Background: Several studies have shown that nitric oxide (NO) plays a role in the regulation of the T(H)1/T(H)2 balance, indicating the potential for NO to contribute to the development of atopy and several other allergic diseases, including bronchial asthma. NO synthase 2 (NOS2) is critically involved in the synthesis of NO during several inflammatory states, and the gene encoding NOS2 is located at chromosome 17q11.2-q12, where 2 genome scans have identified a candidate locus for atopy and asthma.
Objective: The 14-repeat allele of the (CCTTT)(n) repeat polymorphism in the NOS2 promoter region is a powerful enhancer of promoter activity in reporter constructs in vitro. We tested whether this potentially functional allele in the NOS2 gene influences the development of atopy and asthma.
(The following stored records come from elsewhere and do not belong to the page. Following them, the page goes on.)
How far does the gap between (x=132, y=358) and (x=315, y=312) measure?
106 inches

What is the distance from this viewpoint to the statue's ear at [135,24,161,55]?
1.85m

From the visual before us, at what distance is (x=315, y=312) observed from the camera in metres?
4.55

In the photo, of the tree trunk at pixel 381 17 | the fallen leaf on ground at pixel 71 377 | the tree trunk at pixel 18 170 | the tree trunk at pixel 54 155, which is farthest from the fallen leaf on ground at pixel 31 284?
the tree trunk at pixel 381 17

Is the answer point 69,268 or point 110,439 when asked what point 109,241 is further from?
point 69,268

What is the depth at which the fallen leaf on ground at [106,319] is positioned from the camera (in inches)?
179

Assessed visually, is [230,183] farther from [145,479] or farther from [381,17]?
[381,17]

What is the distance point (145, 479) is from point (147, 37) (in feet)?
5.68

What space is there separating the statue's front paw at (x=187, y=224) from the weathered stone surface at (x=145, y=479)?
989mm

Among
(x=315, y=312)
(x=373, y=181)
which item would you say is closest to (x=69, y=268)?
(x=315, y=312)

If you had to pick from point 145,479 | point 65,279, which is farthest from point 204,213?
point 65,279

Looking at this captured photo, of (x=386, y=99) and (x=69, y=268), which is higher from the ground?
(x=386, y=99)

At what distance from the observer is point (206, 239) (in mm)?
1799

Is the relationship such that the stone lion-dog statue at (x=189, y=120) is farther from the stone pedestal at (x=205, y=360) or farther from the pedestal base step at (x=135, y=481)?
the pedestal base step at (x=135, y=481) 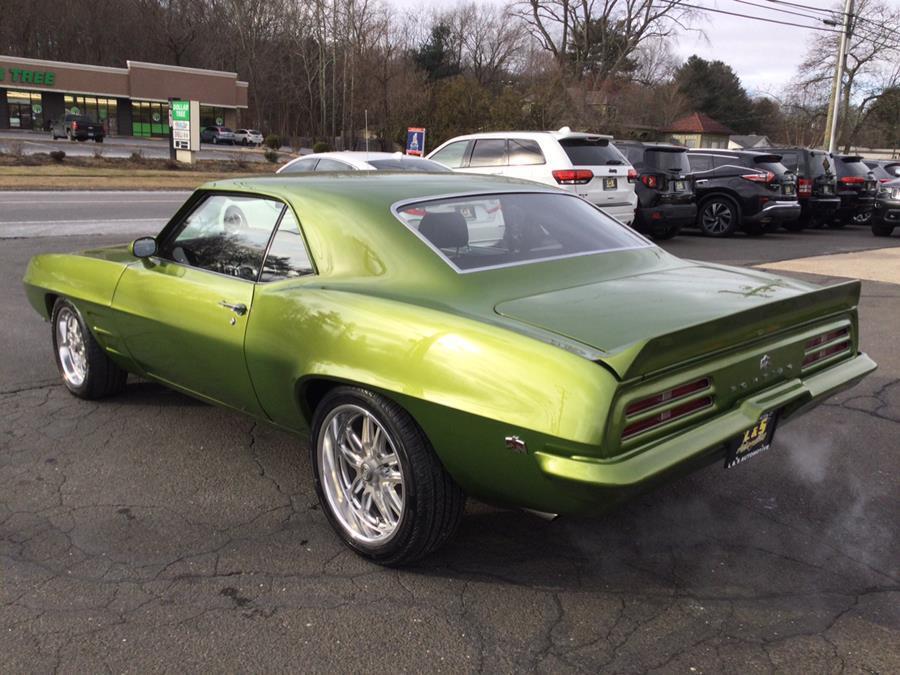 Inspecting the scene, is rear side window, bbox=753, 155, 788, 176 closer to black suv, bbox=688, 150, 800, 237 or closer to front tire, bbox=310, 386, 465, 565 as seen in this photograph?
black suv, bbox=688, 150, 800, 237

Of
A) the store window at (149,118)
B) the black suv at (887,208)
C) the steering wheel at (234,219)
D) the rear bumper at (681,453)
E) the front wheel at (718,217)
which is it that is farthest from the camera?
the store window at (149,118)

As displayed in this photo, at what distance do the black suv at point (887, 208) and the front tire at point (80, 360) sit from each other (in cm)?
1610

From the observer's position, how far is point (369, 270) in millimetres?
3270

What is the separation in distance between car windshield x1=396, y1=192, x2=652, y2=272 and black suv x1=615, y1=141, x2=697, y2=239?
9.30 metres

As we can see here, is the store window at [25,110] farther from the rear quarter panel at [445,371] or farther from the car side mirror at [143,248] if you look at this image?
the rear quarter panel at [445,371]

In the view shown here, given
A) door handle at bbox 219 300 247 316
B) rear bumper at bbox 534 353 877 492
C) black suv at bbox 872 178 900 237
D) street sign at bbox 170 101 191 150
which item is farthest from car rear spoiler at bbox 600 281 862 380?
street sign at bbox 170 101 191 150

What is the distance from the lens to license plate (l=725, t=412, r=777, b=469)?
114 inches

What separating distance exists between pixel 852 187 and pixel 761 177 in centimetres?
496

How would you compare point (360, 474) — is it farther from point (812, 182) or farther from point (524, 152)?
point (812, 182)

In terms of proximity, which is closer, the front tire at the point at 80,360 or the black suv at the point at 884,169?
the front tire at the point at 80,360

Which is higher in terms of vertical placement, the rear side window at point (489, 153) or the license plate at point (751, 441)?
the rear side window at point (489, 153)

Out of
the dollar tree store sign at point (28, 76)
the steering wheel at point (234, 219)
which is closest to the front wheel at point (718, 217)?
the steering wheel at point (234, 219)

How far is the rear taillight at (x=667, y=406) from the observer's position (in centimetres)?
257

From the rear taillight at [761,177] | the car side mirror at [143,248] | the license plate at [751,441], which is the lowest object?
the license plate at [751,441] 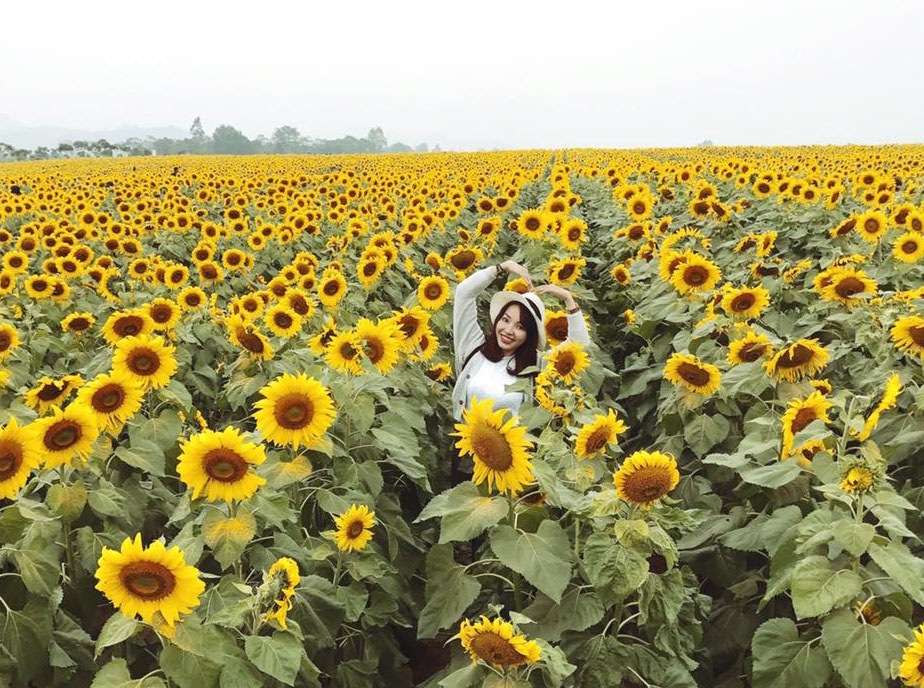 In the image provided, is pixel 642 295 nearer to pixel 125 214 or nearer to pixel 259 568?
pixel 259 568

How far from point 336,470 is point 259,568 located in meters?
0.73

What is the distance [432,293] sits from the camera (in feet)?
19.1

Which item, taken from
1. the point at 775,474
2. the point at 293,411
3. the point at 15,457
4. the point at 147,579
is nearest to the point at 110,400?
the point at 15,457

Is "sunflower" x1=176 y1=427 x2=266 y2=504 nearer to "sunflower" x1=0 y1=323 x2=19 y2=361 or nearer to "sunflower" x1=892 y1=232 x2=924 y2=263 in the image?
"sunflower" x1=0 y1=323 x2=19 y2=361

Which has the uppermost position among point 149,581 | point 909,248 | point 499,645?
point 909,248

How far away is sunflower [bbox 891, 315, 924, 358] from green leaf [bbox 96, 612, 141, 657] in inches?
148

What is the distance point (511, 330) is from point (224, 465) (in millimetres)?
2768

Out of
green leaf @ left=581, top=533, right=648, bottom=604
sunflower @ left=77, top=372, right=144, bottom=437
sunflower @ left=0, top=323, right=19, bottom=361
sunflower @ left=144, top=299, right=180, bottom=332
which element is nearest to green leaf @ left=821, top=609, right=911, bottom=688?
green leaf @ left=581, top=533, right=648, bottom=604

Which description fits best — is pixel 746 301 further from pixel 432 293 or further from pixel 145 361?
pixel 145 361

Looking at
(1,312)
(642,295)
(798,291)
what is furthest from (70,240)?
(798,291)

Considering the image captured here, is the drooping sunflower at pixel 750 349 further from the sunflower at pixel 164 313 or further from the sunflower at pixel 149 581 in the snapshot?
the sunflower at pixel 164 313

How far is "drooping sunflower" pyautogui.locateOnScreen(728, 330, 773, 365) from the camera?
3869 mm

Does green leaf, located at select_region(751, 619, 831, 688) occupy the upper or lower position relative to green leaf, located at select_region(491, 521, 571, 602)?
lower

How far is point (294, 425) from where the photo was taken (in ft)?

Methods: We studied a total of 497 unrelated Japanese subjects (141 nonatopic healthy controls, 102 atopic healthy controls, 56 nonatopic asthmatic subjects, and 198 atopic asthmatic subjects). The odds ratio (OR) was calculated for atopy and asthma in carriers of the 14-repeat allele through use of logistic regression models. Atopy was defined as a positive specific IgE level to at least 1 of 10 common inhaled allergens.
Results: The 14-repeat allele was inversely associated with atopy (OR = 0.42, P < .01). The association remained significant when the model was controlled for asthmatic status (OR = 0.36, P < .01). This allele, however, was associated neither with the development of asthma nor with total serum IgE levels.
Conclusion: Our findings suggest that the (CCTTT)(n) repeat polymorphism in the promoter of the NOS2 gene that affects promoter activity is a risk factor for the development of atopy, and this genetic effect seems independent of asthma.